> DIRECTIONS FOR THIS TASK
In the entries that follow, find the line containing "Roçadeira de grama usada - Foto 2" and the line containing "Hyundai I20 1.1 CRDI 75 CH CLIM", then retype exactly the lines from the first through the second, pictures excluded.

> SUPPLIED MATERIAL
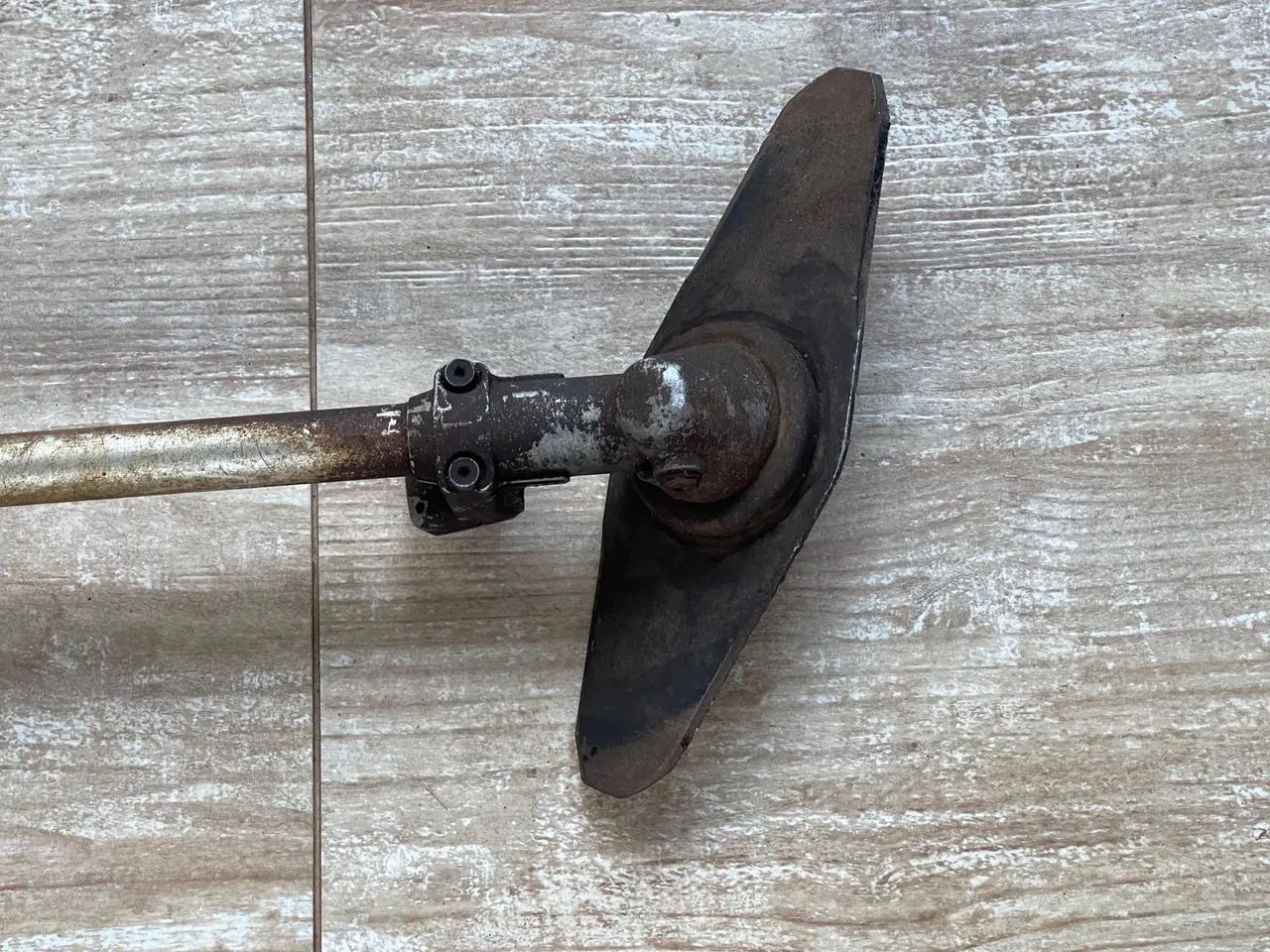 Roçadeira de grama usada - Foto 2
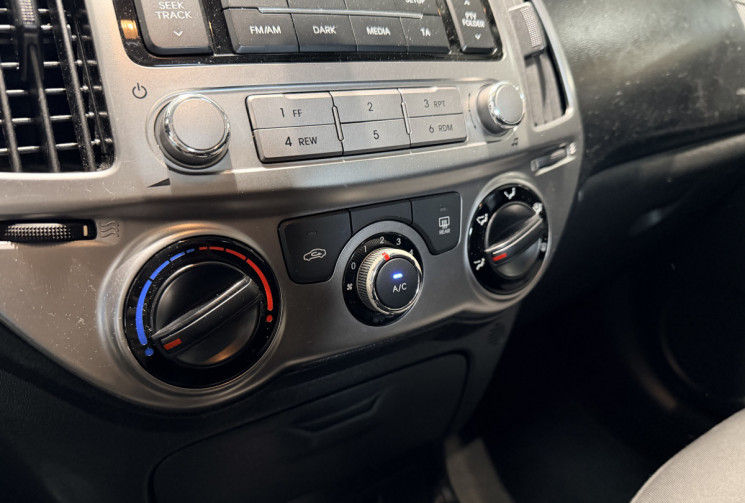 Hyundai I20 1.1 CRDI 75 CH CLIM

...

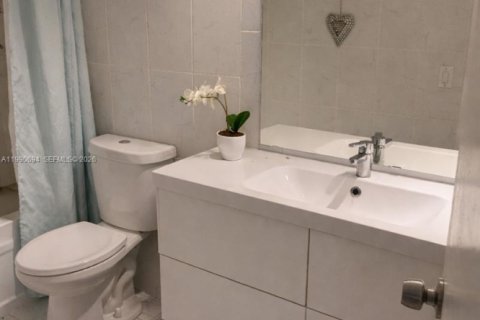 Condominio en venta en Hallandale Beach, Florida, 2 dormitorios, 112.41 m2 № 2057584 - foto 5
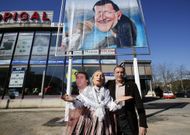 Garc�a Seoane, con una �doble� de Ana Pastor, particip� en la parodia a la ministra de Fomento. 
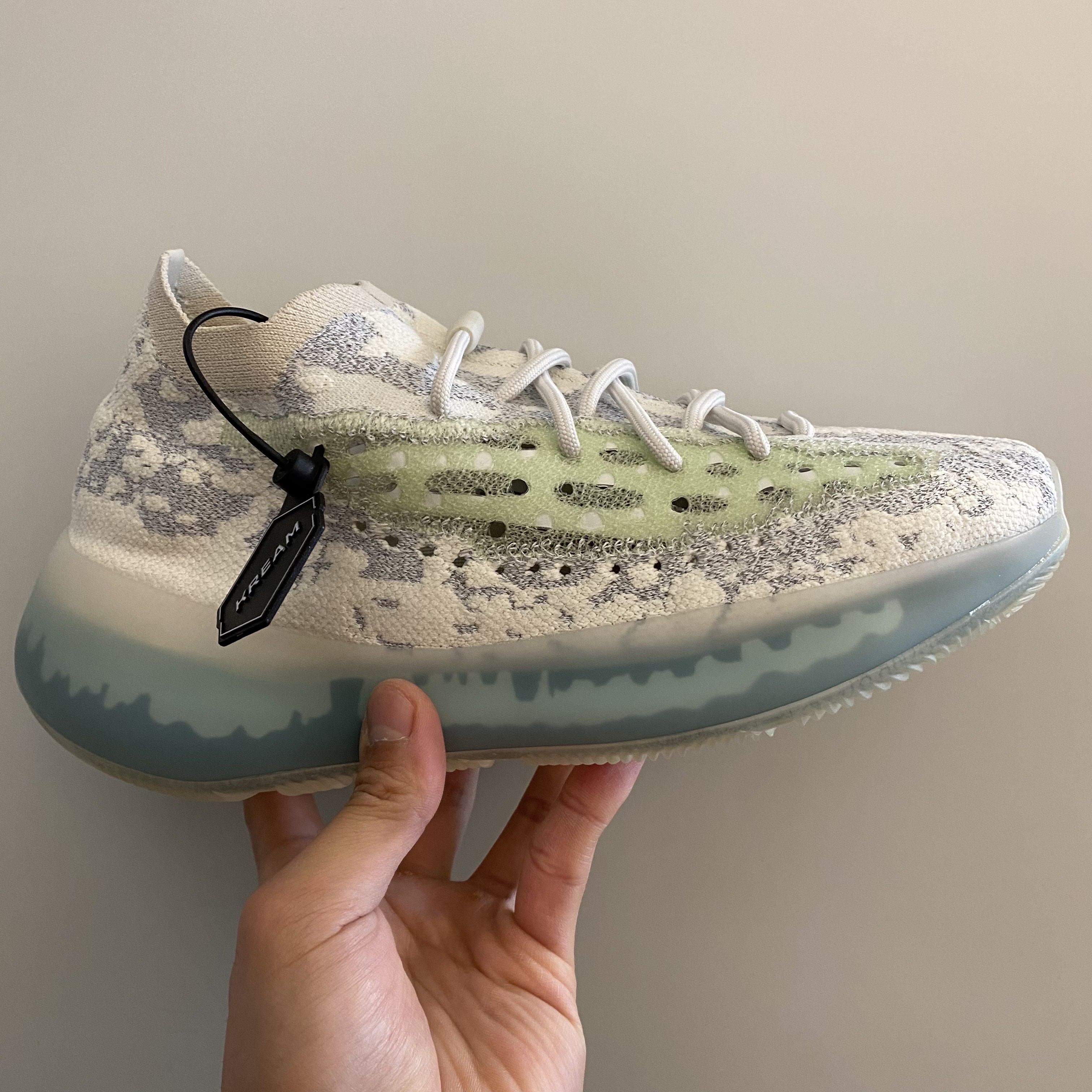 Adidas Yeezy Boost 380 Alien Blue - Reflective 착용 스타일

> YOUR SOLUTION
 Roçadeira de grama usada - Foto 2
 Hyundai I20 1.1 CRDI 75 CH CLIM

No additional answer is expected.